Excretion: Elimination was primarily via the faecal route following oral and intravenous administration indicative of excretion of fluticasone furoate and its metabolites via the bile. Following intravenous administration, the elimination phase half-life averaged 15.1 hours. Urinary excretion accounted for approximately 1% and 2% of the orally and intravenously administered dose, respectively.
Special patient populations: Elderly: Only a small number of elderly subjects (n=23/872; 2.6%) provided pharmacokinetic data. There was no evidence for a higher incidence of subjects with quantifiable fluticasone furoate concentrations in the elderly, when compared to the younger subjects.
Children: Fluticasone furoate is typically not quantifiable (<10 picograms/mL) following intranasal dosing of 110 micrograms once daily. Quantifiable levels were observed in <16% of paediatric patients following intranasal dosing of 110 micrograms once daily and only < 7% of paediatric patients following 55 micrograms once daily. There was no evidence for a higher incidence of quantifiable levels of fluticasone furoate in younger children (less than 6 years of age).

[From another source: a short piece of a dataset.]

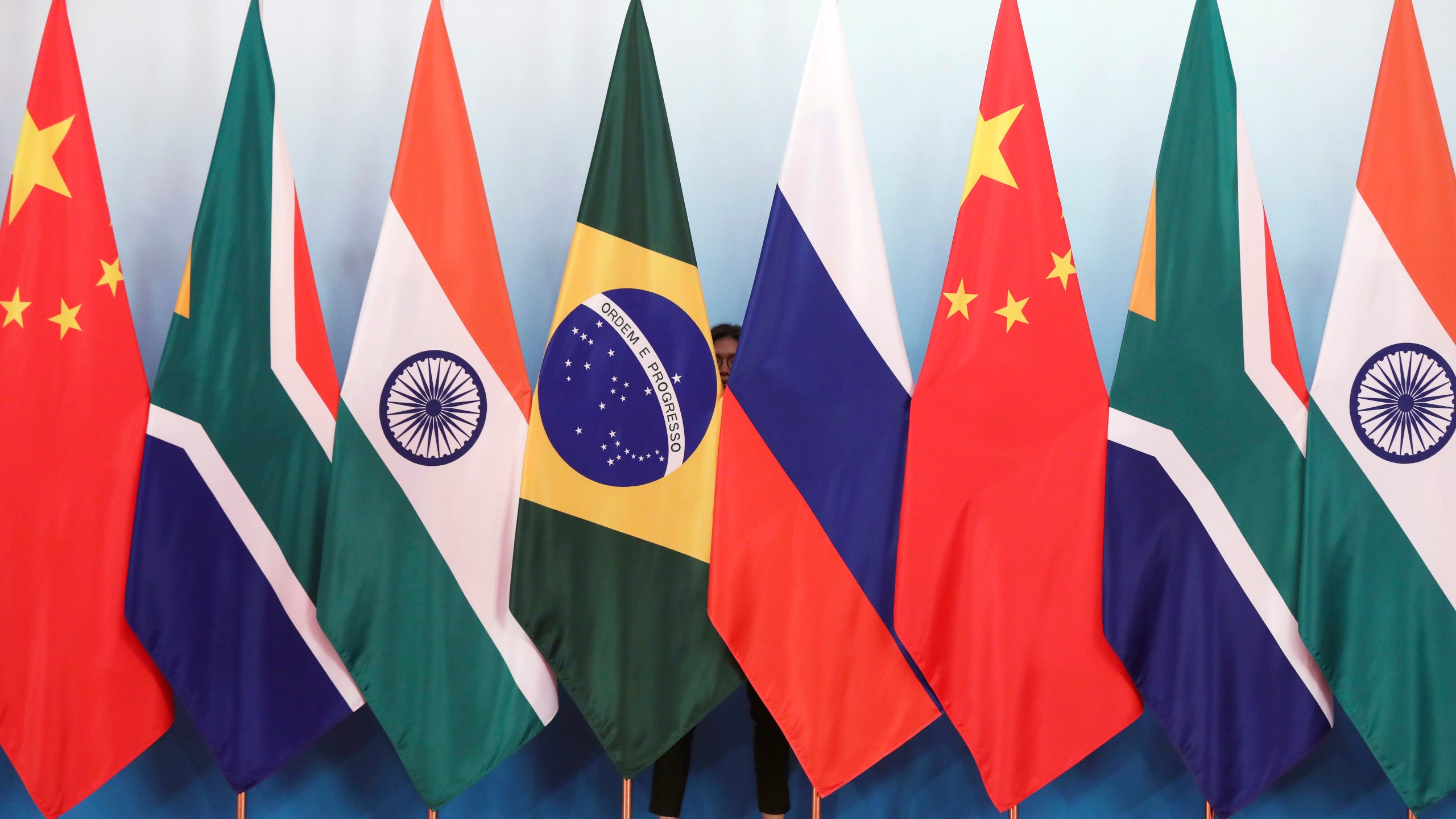 FILE - Staff worker stands behinds national flags of Brazil, Russia, China, South Africa and India to tidy the flags ahead of a group photo during the BRICS Summit at the Xiamen International Conference and Exhibition Center in Xiamen, southeastern China's Fujian Province, Monday, Sept. 4, 2017. (Wu Hong/Pool Photo via AP, File)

Renal impairment: Fluticasone furoate is not detectable in urine from healthy volunteers after intranasal dosing. Less than 1% of dose-related material is excreted in urine and therefore renal impairment would not be expected to affect the pharmacokinetics of fluticasone furoate.

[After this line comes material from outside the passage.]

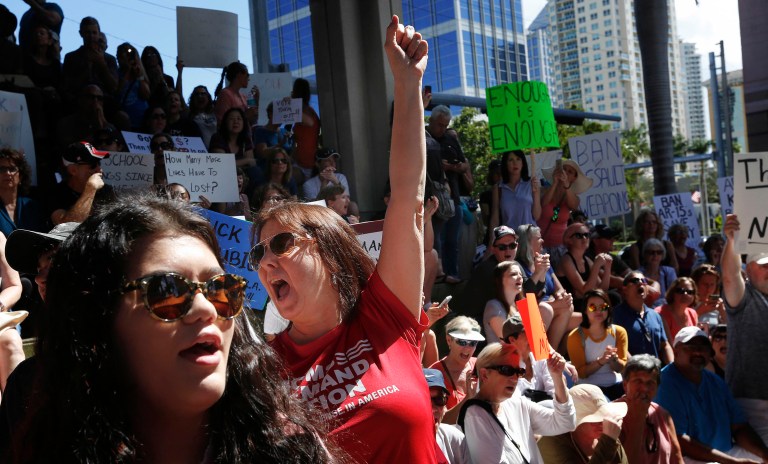 Helena Moreno, center, yells during a protest against guns on the steps of the Broward County Federal courthouse in Fort Lauderdale, Fla., on Saturday. (AP Photo/Brynn Anderson)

Hepatic impairment: There are no data on intranasal fluticasone furoate in subjects with hepatic impairment. Data are available following inhaled administration of fluticasone furoate (as fluticasone furoate or fluticasone furoate/vilanterol) to subjects with hepatic impairment that are also applicable for intranasal dosing. A study of a single 400 microgram dose of oral inhaled fluticasone furoate in patients with moderate hepatic impairment (Child-Pugh B) resulted in increased Cmax (42 %) and AUC(0-∞) (172 %) compared to healthy subjects. Following repeat dosing of orally inhaled fluticasone furoate/vilanterol for 7 days, there was an increase in fluticasone furoate systemic exposure (up to 3-fold as measured by AUC(0-24)) in subjects with hepatic impairment (Child-Pugh A, B or C) compared with healthy subjects. The increase in fluticasone furoate systemic exposure (fluticasone furoate/vilanterol 200/25 micrograms) in subjects with moderate hepatic impairment (Child-Pugh B) was associated with an average 34% reduction in serum cortisol compared with healthy subjects. In subjects with severe hepatic impairment (Child-Pugh C) that received a lower dose of 100/12.5 micrograms there was no reduction in serum cortisol. Based on these findings the average predicted exposure for 110 micrograms of intranasal fluticasone furoate in this patient population would not be expected to result in clinically significant suppression of cortisol.
Toxicology: Preclinical Safety Data: Genotoxicity: There was no evidence of a genotoxicity potential of fluticasone furoate in a standard battery of genotoxicity assays.
Carcinogenicity: No evidence of a tumorigenic effect was observed in two year inhalational studies of fluticasone furoate in mice receiving doses of up to 18.8 microgram/kg/day or in rats receiving up to 8.6 microgram/kg/day. These doses were approximately 8.5- and 4-fold the human adult dose based on mg/kg, respectively.